## About this exercise
Write out exactly, and only, the lines below from the line with "A man and a" through the line with "blue and brown floral dress"; pictures do not belong in the copy.
─── Available records
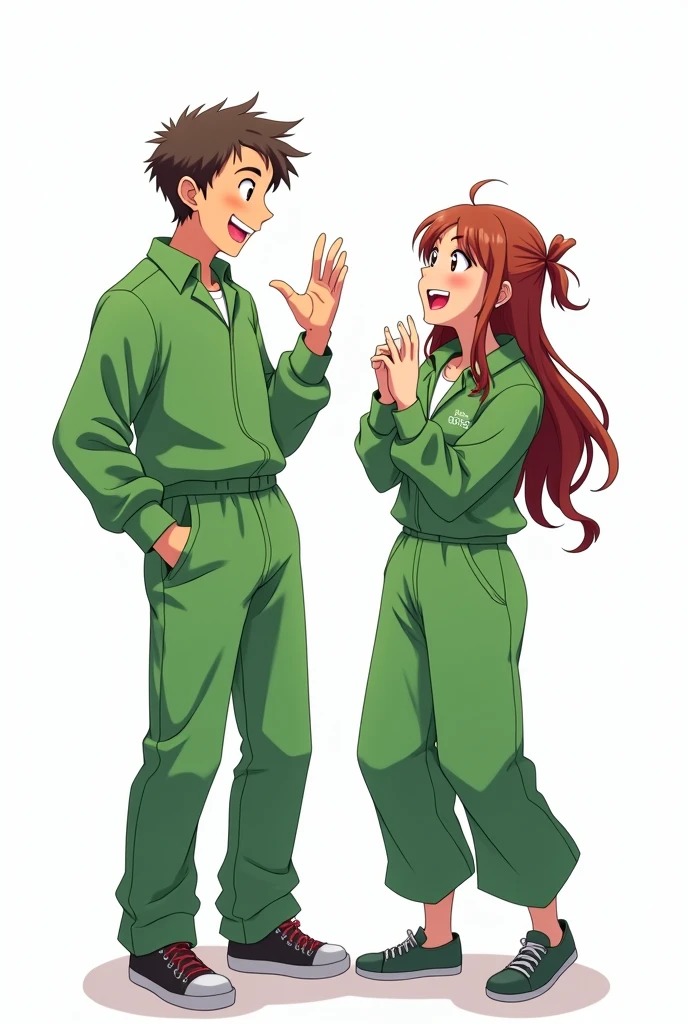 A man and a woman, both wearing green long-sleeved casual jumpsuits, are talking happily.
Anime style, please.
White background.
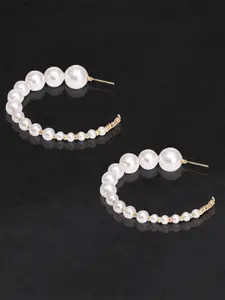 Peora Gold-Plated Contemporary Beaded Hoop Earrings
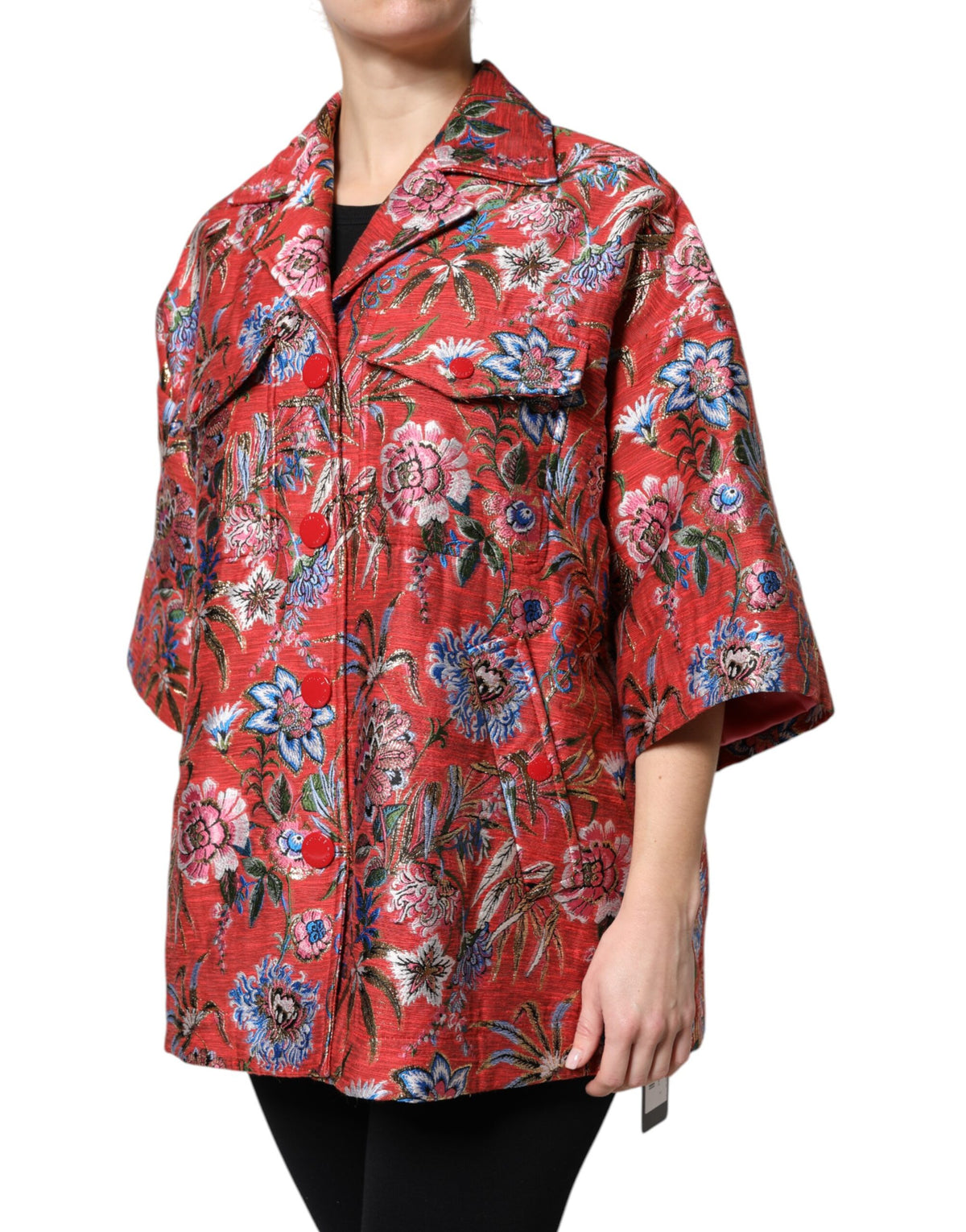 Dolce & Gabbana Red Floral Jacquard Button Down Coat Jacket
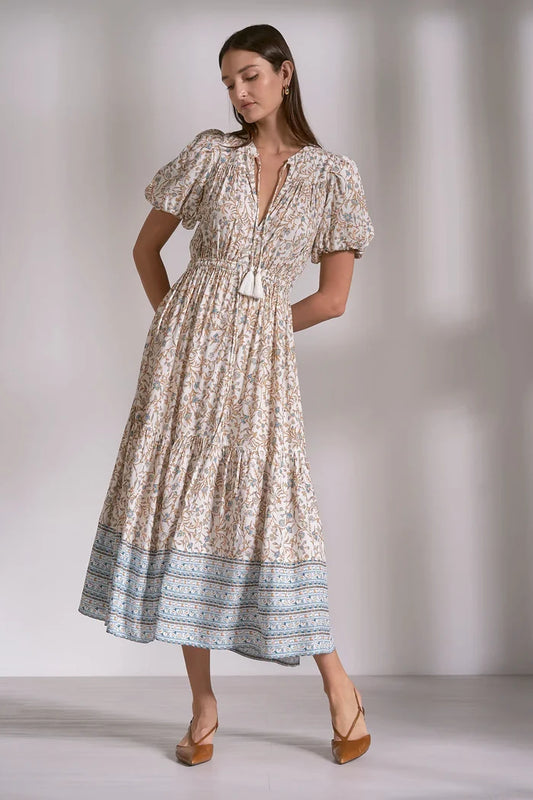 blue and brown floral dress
──────
─── Available records
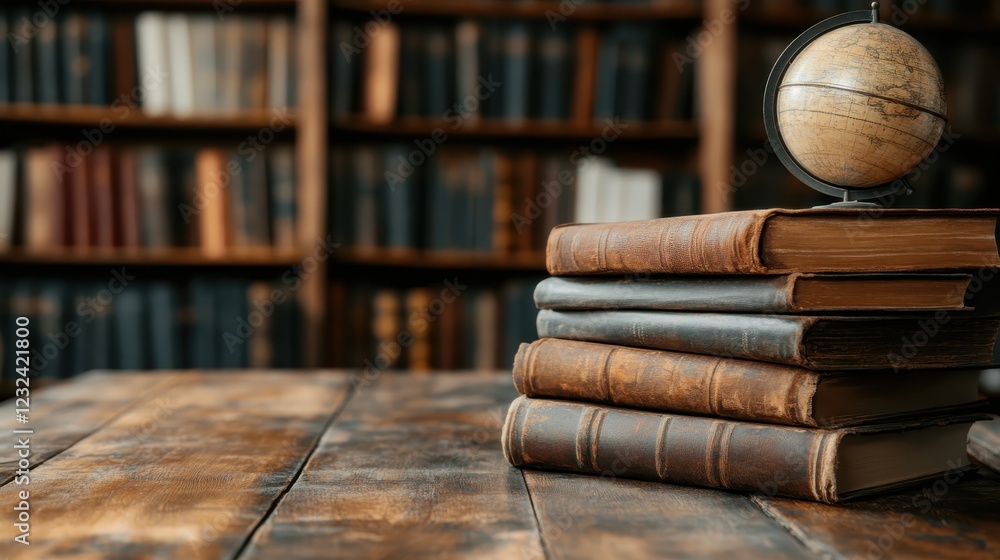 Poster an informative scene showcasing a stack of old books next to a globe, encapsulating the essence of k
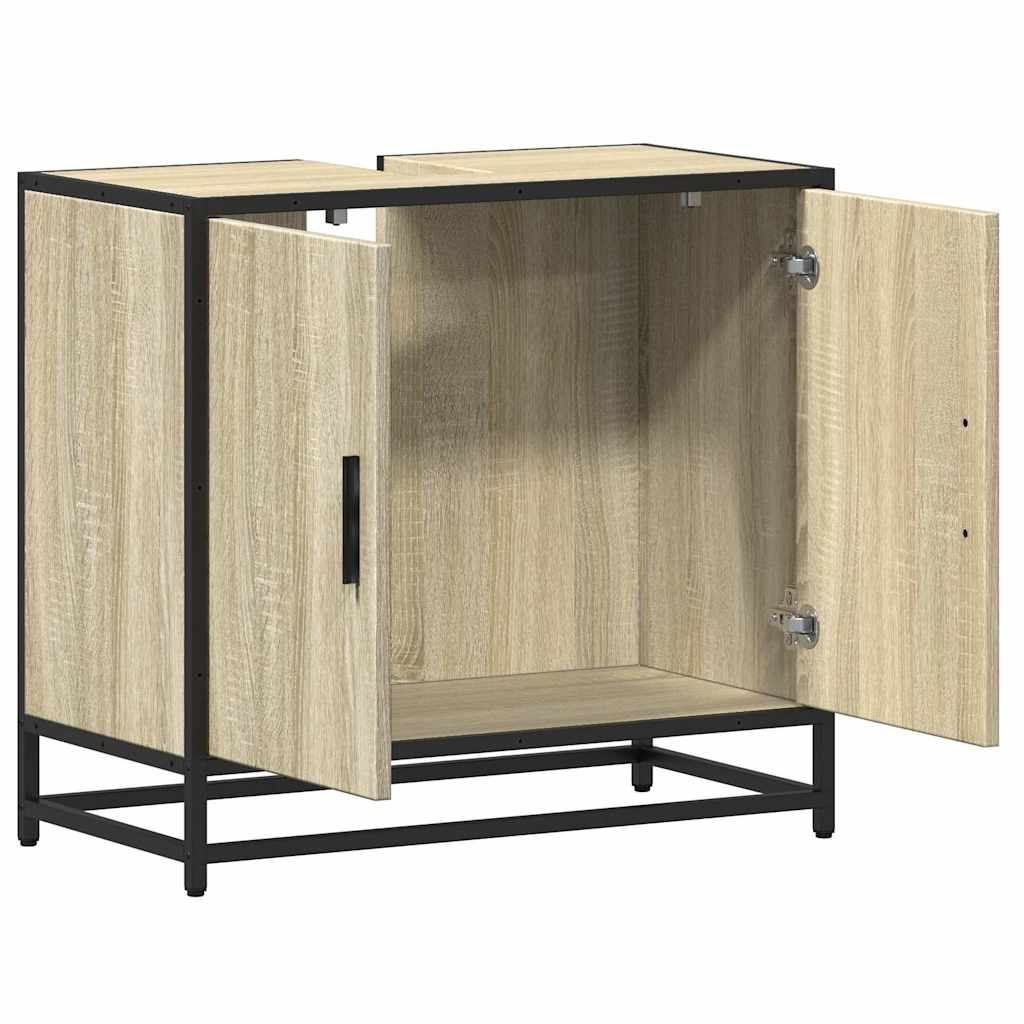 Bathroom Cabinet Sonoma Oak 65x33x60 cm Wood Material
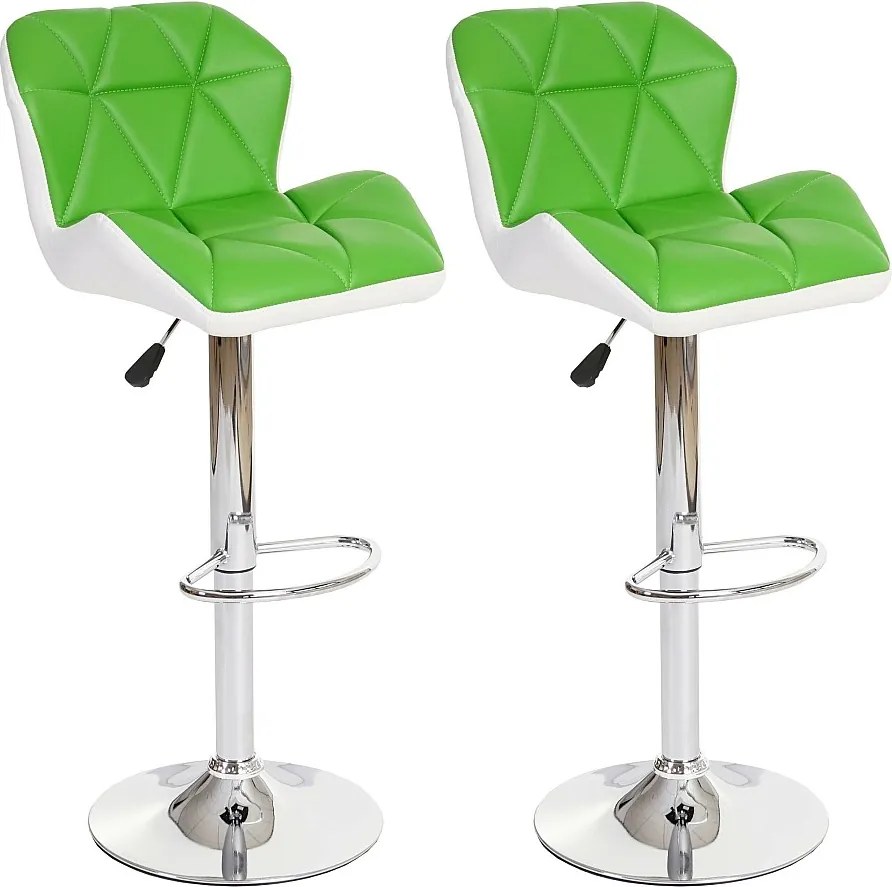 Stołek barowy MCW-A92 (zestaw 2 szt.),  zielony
──────
## Response area
 A man and a woman, both wearing green long-sleeved casual jumpsuits, are talking happily.
Anime style, please.
White background.
 Peora Gold-Plated Contemporary Beaded Hoop Earrings
 Dolce & Gabbana Red Floral Jacquard Button Down Coat Jacket
 blue and brown floral dress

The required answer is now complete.